Dari kiri, Akademisi hukum Universitas Trisakti, Abdul Fickar Hadjar, Peneliti Bidang Korupsi dan Politik Indonesia Corruption Watch (ICW), Almas Sjafrin, Kurnia Ramadhana dan Direktur Eksekutif Indonesia Budget Center (IBC), Roy Salam disela berdiskusi bertemakan KPK Dalam Ancaman: 60 Hari Pasca Penyerangan Novel Baswedan Hingga Angket DPR di Jakarta, 11 Juni 2017. ICW menilai bahwa pembentukan panitia Angket terkesan dipaksakan, cacat hukum dan berpotensi menimbulkan kerugian negara atas segala biaya yang dikeluarkan oleh proses penyelidikan.

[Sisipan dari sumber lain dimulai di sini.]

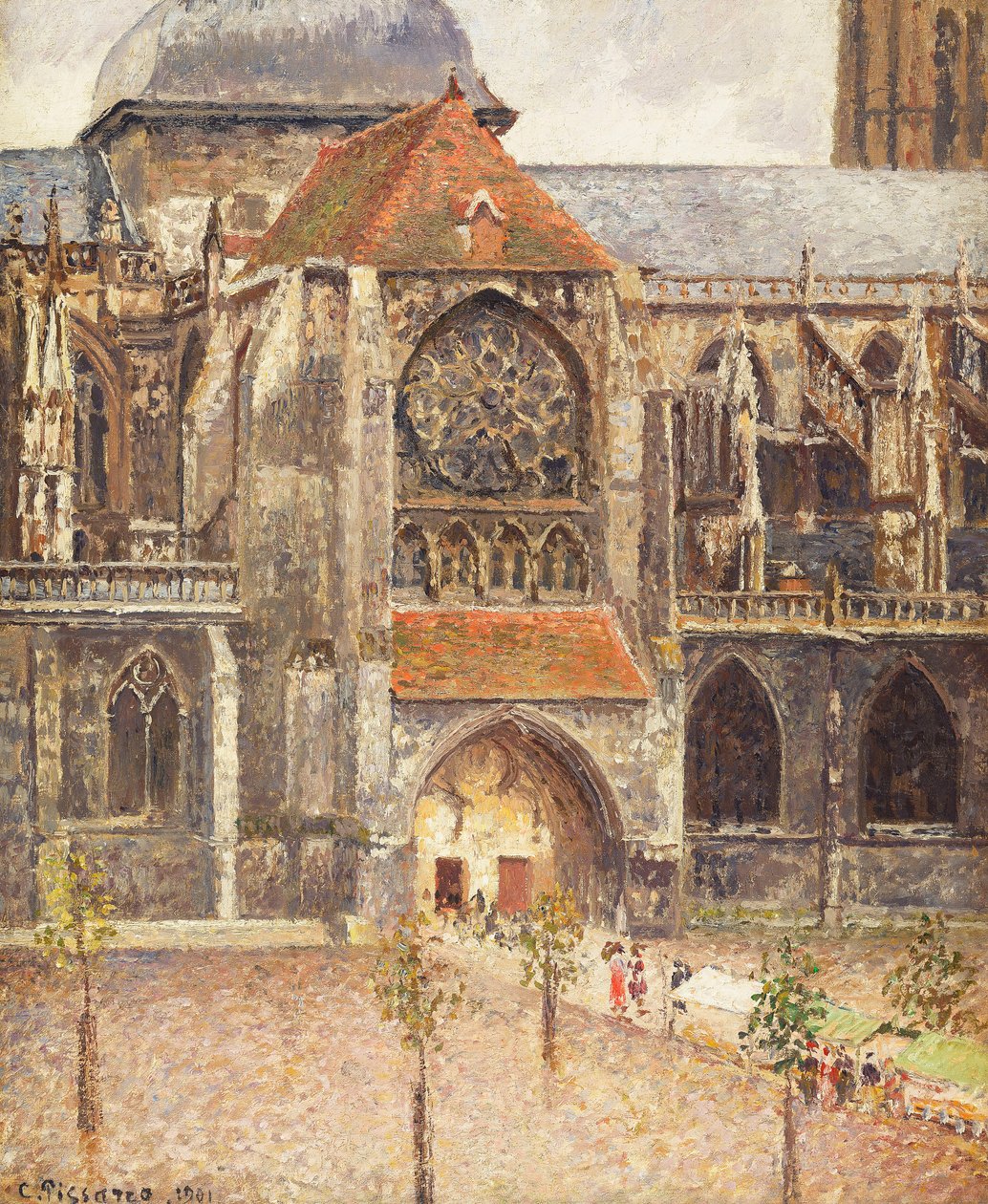 Portalen til Saint-Jacques-kirken i Dieppe; Portalen til Saint-Jaques-kirken i Dieppe, 1901 av Camille Jacob Pissarro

TEMPO/Eko Siswono Toyudho
TEMPO.CO, Jakarta-Indonesia Corruption Watch (ICW) menyatakan tetap menolak terbentuknya Dewan Pengawas Komisi Pemberantasan Korupsi. "ICW pada dasarnya menolak seluruh konsep Dewan Pengawas KPK yang tertera dalam UU KPK baru. Dewan Pengawas adalah satu diantara banyak poin bermasalah dalam UU KPK baru," kata peneliti ICW Kurnia Ramadhana kepada Tempo, Kamis, 19 Desember 2019.
Kurnia menegaskan, siapa pun nama yang ditunjuk Presiden Joko Widodo atau Jokowi sebagai Dewan Pengawas, hal itu tak mengurangi anggapan ICW bahwa KPK telah dilemahkan.
"Siapa pun yang ditunjuk untuk menjadi Dewan Pengawas tidak mengurangi sedikitpun penilaian kami bahwa Presiden Joko Widodo memang tidak paham bagaimana cara memperkuat KPK," katanya.
Sejumlah nama yang masuk dalam bursa jabatan anggota Dewan Pengawas KPK periode 2019-2023 santer beredar. Presiden Joko Widodo mengungkapkan tiga nama yang diusulkan menjadi Dewan Pengawas.
Di antaranya adalah mantan Ketua KPK Taufiequrachman Ruki, mantan Ketua Kamar Pidana Mahkamah Agung Artidjo Alkostar, dan Wakil Ketua Pengadilan Tinggi Kupang Albertina Ho.